The latest ruling is the second such setback for the FDA over concerns that overuse of antibiotics in animal feed is endangering human health by creating antibiotic-resistant “superbugs”.
In March, a federal court ordered the FDA to begin proceedings to withdraw approval for the use of penicillin and tetracyclines in animal feed unless makers of the drugs can produce evidence that their use is safe.
The lawsuit was filed by environmental and public-health groups including The Natural Resources Defense Council, Center for Science in the Public Interest and the Union of Concerned Scientists in the Manhattan federal court.

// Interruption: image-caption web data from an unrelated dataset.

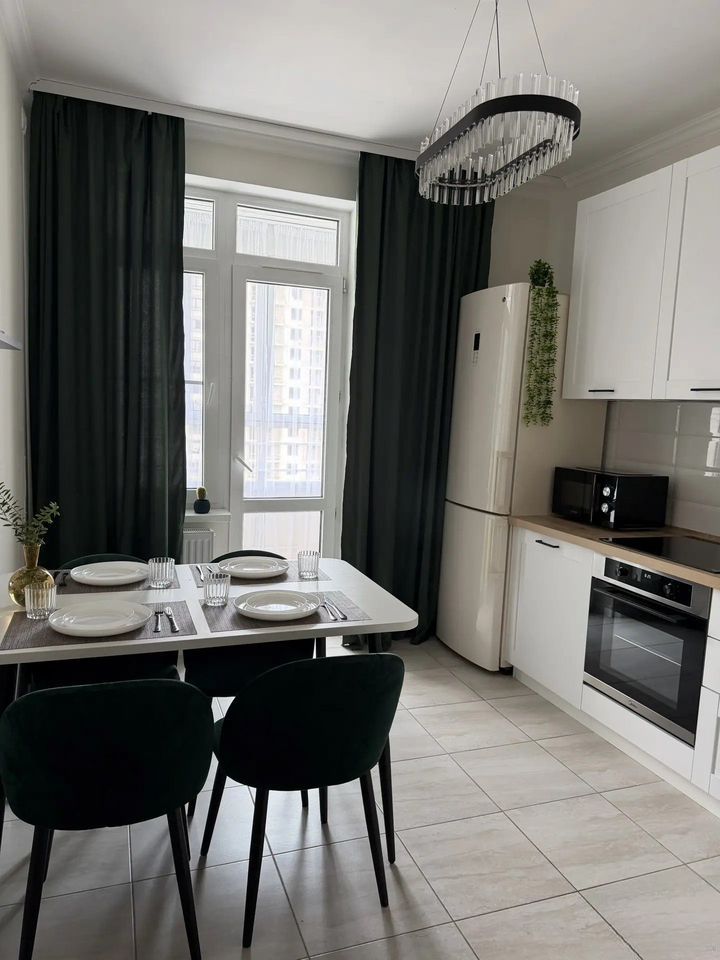 2-комнатная квартира, 63 м² — фото 7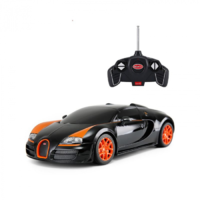 Rastar Rastar: Bugatti Veyron Grand Sport Vitesse távirányítós autó (1:18)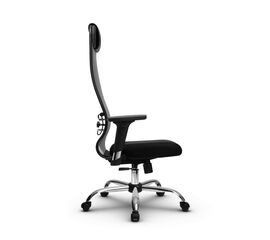 МЕТТА Комплект 18/2D (Светло-серый ), Основание МЕТТА 17833 | Интернет магазин мебели и декора LifeDekor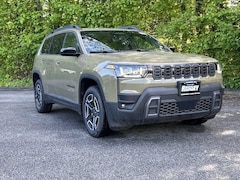 2026 Jeep Cherokee LAREDO 4X4 Sport Utility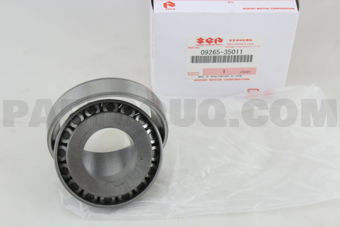 0926535011 BEARING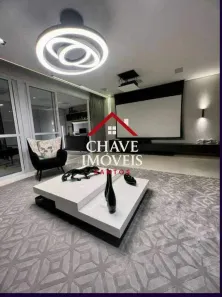 Apartamento com 1 Quarto à venda, 106m² no Aparecida, Santos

The plaintiffs argued that using common antibiotics in livestock feed has contributed to the rapid growth of antibiotic-resistant bacteria in both animals and humans.
Two citizen petitions were filed by the plaintiffs in 1999 and 2005 requesting the FDA to begin withdrawal proceedings for all non-therapeutic uses of medically important antibiotics food producing animals.
In response, FDA rejected those two petitions citing the time and expense required to evaluate individual drug safety and to hold formal withdrawal proceedings, if necessary.
However, on Monday, U.S. Magistrate Judge Theodore Katz said: “Denying the petitions on the grounds that it would be too time consuming and resource-intensive to evaluate each individual drug’s safety, and withdraw approval if a drug was not shown to be safe, is arbitrary and capricious.”
Antibiotic-resistant infections cost Americans more than $20 billion each year, the plaintiffs said, citing a 2009 study from the Alliance for the Prudent Use of Antibiotics and Cook County Hospital.
The case is Natural Resources Defense Council et al. v. FDA, in the U.S. District Court for the Southern District of New York, no. 11-3562.